First of all let me say you have a really good camera
Secondly, it could be a plant virus. One thing you can do is mix hydrogen peroxide with epsom salts and run through your plant. This will pull out any viruses that may be attacking your plant if this is the case. it won't hurt if a virus is not your problem and as a matter of fact it is a good rule of thumb as preventive. The Hydrogen peroxide will however, kill any beneficial bacterias and fungus living in your root zone, so you will have to replace them.

Tomato plants also succumb to spider mites, but it doesn't look like you have any as they live under the leaves and suck the life right out of your plants and first sight of damage is definitely on the leaves not the stems like in your picture. You may want to check for scale...they live on the stems and are hard to detect. Do you have grasshoppers or the classis white butterflies? The white butterflies will lay very tiny eggs on your leaves and you can spot them (Larvae) with the naked eye if you look closely. Once the larvae hatch, they will grow into very big green caterpillars and are hard to find unless your whole plant is brown, then they stand out like a sore thumb!

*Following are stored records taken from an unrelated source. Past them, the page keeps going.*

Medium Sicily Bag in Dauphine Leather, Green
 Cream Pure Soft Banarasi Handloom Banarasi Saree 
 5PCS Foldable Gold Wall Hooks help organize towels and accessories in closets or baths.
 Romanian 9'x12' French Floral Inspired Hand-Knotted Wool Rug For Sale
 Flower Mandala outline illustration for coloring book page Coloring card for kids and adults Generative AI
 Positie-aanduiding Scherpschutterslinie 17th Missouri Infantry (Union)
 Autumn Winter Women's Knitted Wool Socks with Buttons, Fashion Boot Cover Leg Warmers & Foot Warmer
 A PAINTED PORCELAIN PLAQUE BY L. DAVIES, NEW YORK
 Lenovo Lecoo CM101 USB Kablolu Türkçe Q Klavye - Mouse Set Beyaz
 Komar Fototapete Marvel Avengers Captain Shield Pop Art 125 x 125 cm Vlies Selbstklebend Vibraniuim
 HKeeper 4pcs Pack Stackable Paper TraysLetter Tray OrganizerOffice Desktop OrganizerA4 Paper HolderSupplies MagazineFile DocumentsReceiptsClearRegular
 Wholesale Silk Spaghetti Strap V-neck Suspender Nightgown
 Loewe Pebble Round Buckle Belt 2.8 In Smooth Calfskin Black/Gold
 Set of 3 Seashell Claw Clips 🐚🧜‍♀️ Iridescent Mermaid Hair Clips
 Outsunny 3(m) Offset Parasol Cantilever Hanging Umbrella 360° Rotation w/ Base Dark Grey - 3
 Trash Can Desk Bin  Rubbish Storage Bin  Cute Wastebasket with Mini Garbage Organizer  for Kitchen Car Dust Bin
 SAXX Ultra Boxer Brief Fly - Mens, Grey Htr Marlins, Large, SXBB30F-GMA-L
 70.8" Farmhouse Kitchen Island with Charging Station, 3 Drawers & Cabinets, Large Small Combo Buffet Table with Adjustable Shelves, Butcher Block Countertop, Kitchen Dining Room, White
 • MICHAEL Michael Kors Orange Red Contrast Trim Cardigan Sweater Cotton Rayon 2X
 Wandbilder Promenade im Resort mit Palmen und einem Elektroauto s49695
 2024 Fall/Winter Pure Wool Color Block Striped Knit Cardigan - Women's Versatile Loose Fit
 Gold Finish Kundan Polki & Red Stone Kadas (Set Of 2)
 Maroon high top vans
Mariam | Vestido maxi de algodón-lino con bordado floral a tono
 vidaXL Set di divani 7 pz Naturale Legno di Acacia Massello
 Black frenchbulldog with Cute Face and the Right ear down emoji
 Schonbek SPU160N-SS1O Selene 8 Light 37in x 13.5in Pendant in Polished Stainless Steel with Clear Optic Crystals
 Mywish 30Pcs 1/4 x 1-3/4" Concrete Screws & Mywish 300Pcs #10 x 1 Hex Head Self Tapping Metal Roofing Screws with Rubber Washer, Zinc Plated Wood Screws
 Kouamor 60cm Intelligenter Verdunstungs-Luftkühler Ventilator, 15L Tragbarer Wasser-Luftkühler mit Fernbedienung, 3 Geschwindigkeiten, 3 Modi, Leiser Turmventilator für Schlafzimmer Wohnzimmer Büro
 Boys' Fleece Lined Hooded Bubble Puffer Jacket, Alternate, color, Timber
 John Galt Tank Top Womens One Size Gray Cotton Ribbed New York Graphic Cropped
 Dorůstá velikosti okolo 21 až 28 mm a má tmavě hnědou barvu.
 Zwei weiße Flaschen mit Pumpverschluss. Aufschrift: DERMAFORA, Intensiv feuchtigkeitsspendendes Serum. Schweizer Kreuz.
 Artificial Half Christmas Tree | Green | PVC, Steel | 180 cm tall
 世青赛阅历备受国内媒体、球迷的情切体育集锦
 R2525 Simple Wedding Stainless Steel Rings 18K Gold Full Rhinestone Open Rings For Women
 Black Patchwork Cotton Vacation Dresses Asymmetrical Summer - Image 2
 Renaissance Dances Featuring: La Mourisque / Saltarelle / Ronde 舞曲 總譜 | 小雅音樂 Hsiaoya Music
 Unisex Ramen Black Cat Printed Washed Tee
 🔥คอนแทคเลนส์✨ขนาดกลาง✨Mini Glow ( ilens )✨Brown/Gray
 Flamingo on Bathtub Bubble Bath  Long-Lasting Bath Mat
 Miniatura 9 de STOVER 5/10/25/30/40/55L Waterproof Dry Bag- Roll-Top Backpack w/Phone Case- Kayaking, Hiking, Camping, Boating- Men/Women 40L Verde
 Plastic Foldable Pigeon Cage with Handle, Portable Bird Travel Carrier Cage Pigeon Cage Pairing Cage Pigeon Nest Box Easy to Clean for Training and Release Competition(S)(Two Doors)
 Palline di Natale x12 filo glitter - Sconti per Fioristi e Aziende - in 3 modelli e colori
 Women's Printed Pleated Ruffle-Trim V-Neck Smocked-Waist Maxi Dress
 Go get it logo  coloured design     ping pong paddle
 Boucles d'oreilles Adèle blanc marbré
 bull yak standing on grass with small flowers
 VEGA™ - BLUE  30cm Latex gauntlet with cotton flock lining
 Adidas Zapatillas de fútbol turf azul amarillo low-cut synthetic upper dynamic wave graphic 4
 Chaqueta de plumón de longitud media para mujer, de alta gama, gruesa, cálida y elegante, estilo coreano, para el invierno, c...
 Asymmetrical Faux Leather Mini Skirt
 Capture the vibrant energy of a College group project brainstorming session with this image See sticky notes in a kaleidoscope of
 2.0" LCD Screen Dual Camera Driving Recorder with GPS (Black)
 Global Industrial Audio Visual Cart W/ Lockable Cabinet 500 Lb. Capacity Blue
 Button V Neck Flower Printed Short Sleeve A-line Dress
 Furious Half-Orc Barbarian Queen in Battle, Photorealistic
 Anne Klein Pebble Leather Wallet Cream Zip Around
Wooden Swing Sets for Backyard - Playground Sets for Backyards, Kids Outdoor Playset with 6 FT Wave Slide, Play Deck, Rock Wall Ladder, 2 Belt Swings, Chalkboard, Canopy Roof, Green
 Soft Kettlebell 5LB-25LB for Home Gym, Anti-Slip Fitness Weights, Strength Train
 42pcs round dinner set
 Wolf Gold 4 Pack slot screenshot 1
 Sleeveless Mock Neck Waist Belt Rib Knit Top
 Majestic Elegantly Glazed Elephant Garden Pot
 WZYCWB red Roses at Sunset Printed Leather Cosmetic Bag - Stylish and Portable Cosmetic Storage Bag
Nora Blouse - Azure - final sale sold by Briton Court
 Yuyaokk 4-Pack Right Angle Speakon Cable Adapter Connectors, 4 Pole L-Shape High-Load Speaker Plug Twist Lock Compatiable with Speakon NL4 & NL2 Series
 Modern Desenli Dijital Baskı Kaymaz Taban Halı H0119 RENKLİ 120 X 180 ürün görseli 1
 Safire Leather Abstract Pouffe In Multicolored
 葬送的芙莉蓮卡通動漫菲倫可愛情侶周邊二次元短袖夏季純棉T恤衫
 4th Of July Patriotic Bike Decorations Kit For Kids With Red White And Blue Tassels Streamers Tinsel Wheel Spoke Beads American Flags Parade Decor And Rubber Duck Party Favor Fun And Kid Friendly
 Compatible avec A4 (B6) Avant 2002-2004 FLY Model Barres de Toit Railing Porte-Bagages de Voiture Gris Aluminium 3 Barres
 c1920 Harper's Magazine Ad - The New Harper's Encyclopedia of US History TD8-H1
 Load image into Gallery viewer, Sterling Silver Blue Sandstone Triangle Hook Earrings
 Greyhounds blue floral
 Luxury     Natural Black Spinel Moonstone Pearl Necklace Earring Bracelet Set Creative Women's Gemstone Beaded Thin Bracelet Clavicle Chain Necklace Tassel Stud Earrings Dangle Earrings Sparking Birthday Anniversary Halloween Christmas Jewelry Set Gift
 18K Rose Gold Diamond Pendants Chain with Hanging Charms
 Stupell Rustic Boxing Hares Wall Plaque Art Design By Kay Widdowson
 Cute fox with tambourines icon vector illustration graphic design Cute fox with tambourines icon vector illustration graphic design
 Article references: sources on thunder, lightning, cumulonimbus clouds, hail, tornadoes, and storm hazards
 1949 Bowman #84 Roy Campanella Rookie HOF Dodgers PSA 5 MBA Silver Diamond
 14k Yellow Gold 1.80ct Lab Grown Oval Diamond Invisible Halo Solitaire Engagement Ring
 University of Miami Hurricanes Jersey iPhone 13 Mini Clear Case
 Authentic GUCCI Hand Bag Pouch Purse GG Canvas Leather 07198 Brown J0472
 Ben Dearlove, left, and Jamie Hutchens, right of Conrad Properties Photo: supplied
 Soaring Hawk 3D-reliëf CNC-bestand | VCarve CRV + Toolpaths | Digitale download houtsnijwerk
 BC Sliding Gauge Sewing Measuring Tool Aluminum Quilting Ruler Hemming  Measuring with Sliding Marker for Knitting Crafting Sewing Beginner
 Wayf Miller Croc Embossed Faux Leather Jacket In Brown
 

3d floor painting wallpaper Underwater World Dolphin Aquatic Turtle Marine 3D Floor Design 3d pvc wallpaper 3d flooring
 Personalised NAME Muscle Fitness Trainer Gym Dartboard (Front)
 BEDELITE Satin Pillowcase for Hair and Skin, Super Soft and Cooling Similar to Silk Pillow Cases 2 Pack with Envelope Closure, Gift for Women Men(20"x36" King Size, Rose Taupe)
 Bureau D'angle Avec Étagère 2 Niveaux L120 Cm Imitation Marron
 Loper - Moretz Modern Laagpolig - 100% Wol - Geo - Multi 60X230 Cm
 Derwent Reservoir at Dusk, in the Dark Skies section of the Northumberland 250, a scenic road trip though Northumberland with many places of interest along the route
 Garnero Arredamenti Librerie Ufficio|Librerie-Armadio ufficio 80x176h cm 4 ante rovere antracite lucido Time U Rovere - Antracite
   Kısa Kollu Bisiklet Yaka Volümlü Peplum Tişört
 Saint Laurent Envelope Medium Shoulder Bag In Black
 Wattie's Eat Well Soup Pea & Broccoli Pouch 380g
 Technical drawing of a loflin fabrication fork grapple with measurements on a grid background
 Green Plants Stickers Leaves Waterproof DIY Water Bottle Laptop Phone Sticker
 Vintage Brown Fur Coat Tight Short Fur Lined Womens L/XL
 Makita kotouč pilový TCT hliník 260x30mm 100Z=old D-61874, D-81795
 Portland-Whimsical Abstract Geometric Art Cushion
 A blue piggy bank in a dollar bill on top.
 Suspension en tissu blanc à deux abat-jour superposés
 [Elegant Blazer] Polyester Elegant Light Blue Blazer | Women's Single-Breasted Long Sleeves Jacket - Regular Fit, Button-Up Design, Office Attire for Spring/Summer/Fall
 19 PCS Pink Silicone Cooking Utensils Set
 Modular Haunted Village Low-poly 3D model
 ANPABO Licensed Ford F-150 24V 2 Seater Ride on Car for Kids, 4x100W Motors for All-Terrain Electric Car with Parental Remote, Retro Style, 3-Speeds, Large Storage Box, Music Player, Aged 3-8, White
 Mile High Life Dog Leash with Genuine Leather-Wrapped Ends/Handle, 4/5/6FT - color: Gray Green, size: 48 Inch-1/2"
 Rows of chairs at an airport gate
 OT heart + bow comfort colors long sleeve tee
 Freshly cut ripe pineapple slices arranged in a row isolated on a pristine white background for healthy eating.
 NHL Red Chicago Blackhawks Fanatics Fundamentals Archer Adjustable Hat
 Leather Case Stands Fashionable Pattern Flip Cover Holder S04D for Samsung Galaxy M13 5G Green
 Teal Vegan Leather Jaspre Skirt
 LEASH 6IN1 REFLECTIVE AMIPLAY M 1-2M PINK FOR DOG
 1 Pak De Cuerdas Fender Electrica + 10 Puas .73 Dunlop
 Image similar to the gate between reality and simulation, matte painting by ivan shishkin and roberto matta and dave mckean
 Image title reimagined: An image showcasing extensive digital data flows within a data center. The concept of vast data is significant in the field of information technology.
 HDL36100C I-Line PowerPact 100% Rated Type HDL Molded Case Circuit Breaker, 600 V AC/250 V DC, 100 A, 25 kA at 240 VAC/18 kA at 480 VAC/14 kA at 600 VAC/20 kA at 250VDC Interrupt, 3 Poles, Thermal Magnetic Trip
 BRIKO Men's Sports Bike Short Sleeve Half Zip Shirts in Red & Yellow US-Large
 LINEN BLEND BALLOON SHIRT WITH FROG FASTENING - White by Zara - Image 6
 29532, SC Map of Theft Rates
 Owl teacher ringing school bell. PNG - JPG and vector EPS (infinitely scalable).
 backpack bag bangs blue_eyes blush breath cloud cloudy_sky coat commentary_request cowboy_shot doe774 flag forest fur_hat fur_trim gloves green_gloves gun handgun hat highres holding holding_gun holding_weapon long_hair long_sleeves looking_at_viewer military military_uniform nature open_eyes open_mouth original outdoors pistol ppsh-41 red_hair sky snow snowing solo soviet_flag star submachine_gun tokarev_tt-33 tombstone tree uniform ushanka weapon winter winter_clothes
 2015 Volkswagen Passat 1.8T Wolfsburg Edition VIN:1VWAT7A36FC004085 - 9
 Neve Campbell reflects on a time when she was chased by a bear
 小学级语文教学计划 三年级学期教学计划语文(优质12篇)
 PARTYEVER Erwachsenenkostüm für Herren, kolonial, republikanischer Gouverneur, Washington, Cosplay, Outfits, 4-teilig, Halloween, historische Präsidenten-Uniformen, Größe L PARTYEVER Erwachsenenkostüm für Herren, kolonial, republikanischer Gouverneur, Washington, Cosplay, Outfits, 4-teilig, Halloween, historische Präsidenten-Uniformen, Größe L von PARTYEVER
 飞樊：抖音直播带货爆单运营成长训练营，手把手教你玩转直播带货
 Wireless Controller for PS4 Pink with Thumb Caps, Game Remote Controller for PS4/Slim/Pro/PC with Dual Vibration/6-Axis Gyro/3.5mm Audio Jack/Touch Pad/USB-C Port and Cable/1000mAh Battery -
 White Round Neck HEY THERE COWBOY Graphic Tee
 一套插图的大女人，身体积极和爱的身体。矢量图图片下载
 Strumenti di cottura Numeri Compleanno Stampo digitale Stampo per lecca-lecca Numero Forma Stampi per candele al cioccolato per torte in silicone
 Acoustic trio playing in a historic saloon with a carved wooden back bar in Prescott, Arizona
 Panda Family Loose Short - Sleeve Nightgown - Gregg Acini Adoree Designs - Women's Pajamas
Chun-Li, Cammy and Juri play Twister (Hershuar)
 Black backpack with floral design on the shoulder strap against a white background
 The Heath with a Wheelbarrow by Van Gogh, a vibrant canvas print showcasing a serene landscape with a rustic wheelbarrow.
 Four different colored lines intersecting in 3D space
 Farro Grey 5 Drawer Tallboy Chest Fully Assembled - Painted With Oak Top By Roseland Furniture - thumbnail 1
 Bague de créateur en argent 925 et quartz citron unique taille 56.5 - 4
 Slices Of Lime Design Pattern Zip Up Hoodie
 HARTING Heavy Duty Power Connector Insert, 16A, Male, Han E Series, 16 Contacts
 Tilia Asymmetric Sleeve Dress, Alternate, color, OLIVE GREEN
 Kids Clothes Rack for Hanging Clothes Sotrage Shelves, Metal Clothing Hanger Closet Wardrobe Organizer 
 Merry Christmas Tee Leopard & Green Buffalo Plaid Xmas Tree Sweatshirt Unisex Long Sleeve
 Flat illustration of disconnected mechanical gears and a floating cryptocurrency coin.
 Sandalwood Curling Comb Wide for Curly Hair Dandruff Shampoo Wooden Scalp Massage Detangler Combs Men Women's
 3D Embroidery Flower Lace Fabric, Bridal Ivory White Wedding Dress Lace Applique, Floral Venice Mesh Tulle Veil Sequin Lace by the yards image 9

Are you growing in soil? I grow all of my plants hydroponically, and could possibly be missing something due to the medium I use which is Perlite/Coco Coir...50/50 mix. By the way, if it's over 85 degrees where you live, I would not spray Neem Oil on my plants until dusk as the oil will surely burn your plant or what's left of it.

Hope some of this helps and good luck


ETA
By the way if it's a mold or fungi, then use a product called Serenade...it stinks to high hell, but it works. Use also at dusk if it's hot and dry where you live. For the spider mites use SM-90, it's corriander oil, add a little dish soap and lemon juice, they hate it. Although I must say, that doesn't look like spider mite damage at all.

Spider Mite Damage


(Red) Spider Mite Infestation


Spider Mites (Two Spotted)


You can only see these little parasites with a mag loop of 60% unless your eyes are trained. Dam, I hate those things. Look into thrips, root aphids, fungus gnats and their larvae which will be in the root zone, aphids, lacewings and whiteflies in the future. You can look up the images and cures on google. To find the root critters of course you will have to pull your plant up and look at the roots. You can do this if you know how and your plant MAY survive, but I doubt that particular plant will survive a transplant at this point
edit on 8/20/12 by ThePublicEnemyNo1 because: (no reason given)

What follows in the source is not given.